---------- Given data ----------
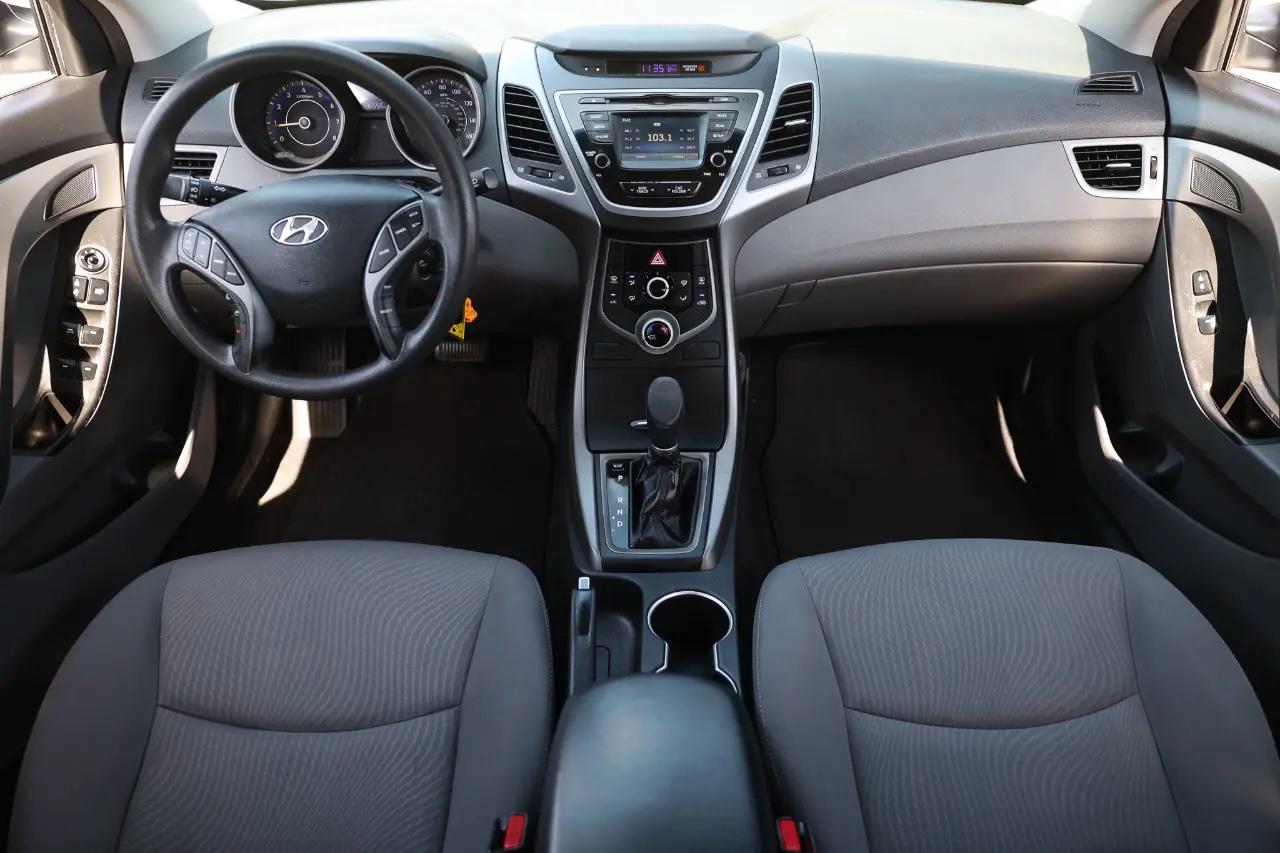 Hyundai Elantra  2016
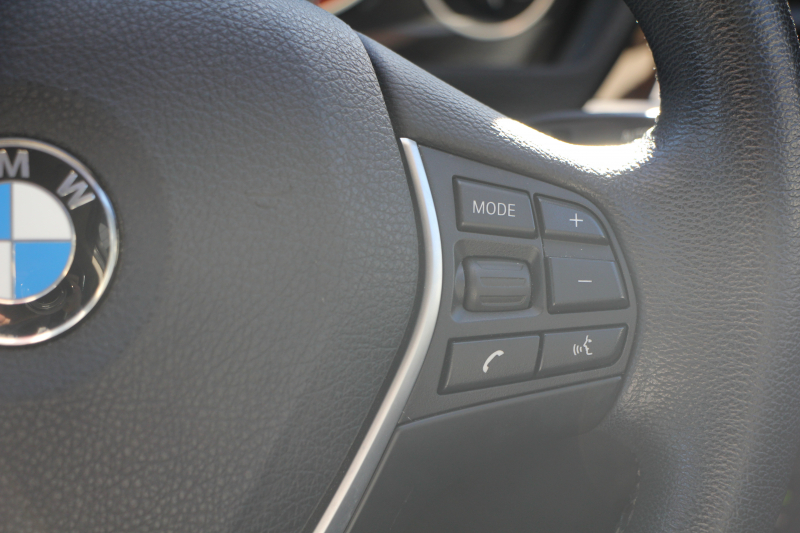 BMW 3シリーズ 320d ﾗｸﾞｼﾞｭｱﾘｰ 後期 【特選車･8月21日迄期間限定掲載】真珠色 新ｴﾝｼﾞﾝ 8C20型 ﾋｰﾀｰ黒革 LEDﾍｯﾄﾞﾗｲﾄ&ﾃｰﾙ 追従ACC ﾚｰﾝﾁｪﾝｼﾞ警告 衝突軽減ﾌﾞﾚｰｷ ﾀｯﾁﾊﾟｯﾄﾞ対応HDDﾅﾋﾞBluetooth接続 Bｶﾒﾗ ｽﾏｰﾄｷｰ ｸﾛｰﾑﾗｲﾝｴｸｽﾃﾘｱ 2年保証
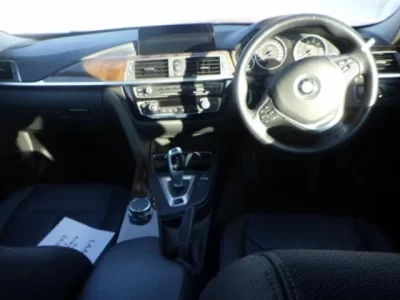 BMW 3-Series  с аукциона в Японии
----------
Work required - For this exercise, retype the listing above word for word and omit the pictures.

Output of the exercise -
 Hyundai Elantra  2016
 BMW 3シリーズ 320d ﾗｸﾞｼﾞｭｱﾘｰ 後期 【特選車･8月21日迄期間限定掲載】真珠色 新ｴﾝｼﾞﾝ 8C20型 ﾋｰﾀｰ黒革 LEDﾍｯﾄﾞﾗｲﾄ&ﾃｰﾙ 追従ACC ﾚｰﾝﾁｪﾝｼﾞ警告 衝突軽減ﾌﾞﾚｰｷ ﾀｯﾁﾊﾟｯﾄﾞ対応HDDﾅﾋﾞBluetooth接続 Bｶﾒﾗ ｽﾏｰﾄｷｰ ｸﾛｰﾑﾗｲﾝｴｸｽﾃﾘｱ 2年保証
 BMW 3-Series  с аукциона в Японии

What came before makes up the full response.